Teknolojinin insanlık tarihindeki ilerleyişi etkileyici. Artık cebimizdeki telefonlarla bankacılık işlemleri yapabiliyor, yapay zekâ destekli sistemlerle hayatımızı kolaylaştırabiliyor, birkaç tıkla bilgiye erişebiliyoruz. Ancak bu parlak tablonun görünmeyen bir arka yüzü var: Bu dünyada milyonlarca insan hâlâ bu teknolojilere erişemiyor. Dijital uçurum her geçen gün daha da büyüyor ve teknoloji, tüm insanlığı kapsayan bir çözüm değil; tam tersine, çoğu zaman derinleşen eşitsizliklerin bir parçası oluyor.

Birleşmiş Milletler’in 2023 verilerine göre dünya nüfusunun yaklaşık 2.6 milyar insanı hâlâ internet erişimine sahip değil. Bu sayı, neredeyse her üç kişiden biri demek. Özellikle Sahra Altı Afrika, Güney Asya ve bazı Latin Amerika ülkelerinde temel dijital altyapı bile hâlâ büyük bir lüks. Nijerya’nın kırsal bölgelerinde öğrenciler hâlâ radyo yayınıyla ders dinlemeye çalışıyor. Hindistan’ın bazı köylerinde internet bağlantısı o kadar zayıf ki, online eğitim hâlâ hayal. Oysa pandemi döneminde bizler “Zoom yorgunluğu” konuşurken, milyonlarca çocuk internete hiç bağlanamadı.

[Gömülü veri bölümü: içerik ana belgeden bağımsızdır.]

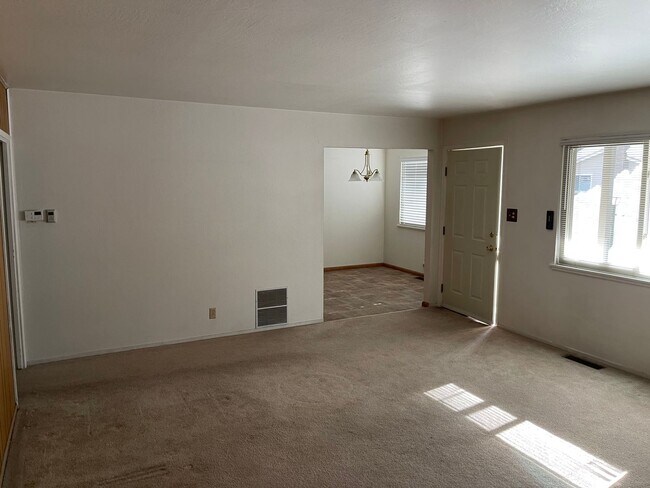 Building Photo - One level home with one car garage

Türkiye’de de durum sanıldığı kadar iç açıcı değil. Kırsal bölgelerde hâlâ internete erişimi olmayan köyler, eğitimde dijital içeriklerden mahrum kalan okullar var. İstanbul’un merkezinde bir öğrenci kodlama öğrenirken, aynı yaşta bir başka çocuk Doğu Anadolu’da tablete bile sahip olamıyor. Bu sadece teknolojik bir eksiklik değil; fırsat eşitliğinin temelden baltalandığı bir durum.

Peki çözüm ne? Öncelikle, teknolojinin yalnızca şehir merkezlerine, alım gücü yüksek kesimlere değil, her bireye ulaşması gerektiğini kabul etmek gerekiyor. Devletler, dijital altyapı yatırımlarını sadece ekonomik büyüme için değil, sosyal adalet için de yapmalı. Özel sektör, teknolojiyi erişilebilir kılmakla yükümlü. Dijital okuryazarlık, temel bir eğitim hakkı olarak tanınmalı. Ucuz internet, uygun fiyatlı cihazlar ve yerel dillerde içerik, bu uçurumu kapatmak için ilk adımlar olabilir.
Teknoloji, bazıları için devrim; ama bazıları için hâlâ duvar. O duvarı aşmak, sadece kablo döşemekle değil, niyetle, eşitlikle, kapsayıcı bir vizyonla mümkün. Aksi takdirde bu çağın parlayan yüzü, karanlıkta kalan milyonları daha görünmez kılmaya devam edecek.